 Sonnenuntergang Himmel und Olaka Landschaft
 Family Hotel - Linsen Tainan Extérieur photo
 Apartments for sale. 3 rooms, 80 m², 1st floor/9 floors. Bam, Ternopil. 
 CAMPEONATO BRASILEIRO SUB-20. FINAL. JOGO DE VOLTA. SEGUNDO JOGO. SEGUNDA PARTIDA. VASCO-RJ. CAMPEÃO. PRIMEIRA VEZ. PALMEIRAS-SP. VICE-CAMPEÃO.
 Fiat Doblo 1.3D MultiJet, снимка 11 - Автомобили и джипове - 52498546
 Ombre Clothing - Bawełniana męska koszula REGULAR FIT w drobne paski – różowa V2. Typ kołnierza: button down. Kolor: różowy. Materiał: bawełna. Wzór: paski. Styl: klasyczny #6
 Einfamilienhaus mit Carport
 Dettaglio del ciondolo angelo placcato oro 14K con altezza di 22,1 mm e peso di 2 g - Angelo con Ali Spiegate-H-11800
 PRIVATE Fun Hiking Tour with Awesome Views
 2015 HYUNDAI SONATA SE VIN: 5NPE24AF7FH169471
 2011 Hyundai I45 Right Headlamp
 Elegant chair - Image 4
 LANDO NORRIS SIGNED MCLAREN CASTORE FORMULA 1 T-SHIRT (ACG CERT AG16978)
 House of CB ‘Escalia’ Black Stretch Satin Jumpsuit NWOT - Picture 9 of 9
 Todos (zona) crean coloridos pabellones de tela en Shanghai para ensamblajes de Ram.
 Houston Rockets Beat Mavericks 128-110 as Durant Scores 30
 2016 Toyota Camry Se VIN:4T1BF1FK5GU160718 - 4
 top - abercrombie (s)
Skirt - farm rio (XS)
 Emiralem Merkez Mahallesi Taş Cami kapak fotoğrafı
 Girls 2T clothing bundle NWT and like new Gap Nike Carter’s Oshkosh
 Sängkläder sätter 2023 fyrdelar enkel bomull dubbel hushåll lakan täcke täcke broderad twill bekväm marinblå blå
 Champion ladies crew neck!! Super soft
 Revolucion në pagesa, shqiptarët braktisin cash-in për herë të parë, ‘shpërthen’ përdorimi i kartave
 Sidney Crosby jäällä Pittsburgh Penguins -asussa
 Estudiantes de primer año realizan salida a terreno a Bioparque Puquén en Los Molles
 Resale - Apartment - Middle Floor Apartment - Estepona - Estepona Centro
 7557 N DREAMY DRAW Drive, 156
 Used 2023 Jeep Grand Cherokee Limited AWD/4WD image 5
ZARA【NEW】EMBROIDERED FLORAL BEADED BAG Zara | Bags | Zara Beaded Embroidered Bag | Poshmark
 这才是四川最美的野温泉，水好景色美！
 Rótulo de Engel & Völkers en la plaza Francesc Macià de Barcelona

--- Activity ---
The last part of the records is the answer, beginning at the line that holds "ZARA【NEW】EMBROIDERED FLORAL BEADED" and including the final line, repeated exactly.

--- Task answer ---
ZARA【NEW】EMBROIDERED FLORAL BEADED BAG Zara | Bags | Zara Beaded Embroidered Bag | Poshmark
 这才是四川最美的野温泉，水好景色美！
 Rótulo de Engel & Völkers en la plaza Francesc Macià de Barcelona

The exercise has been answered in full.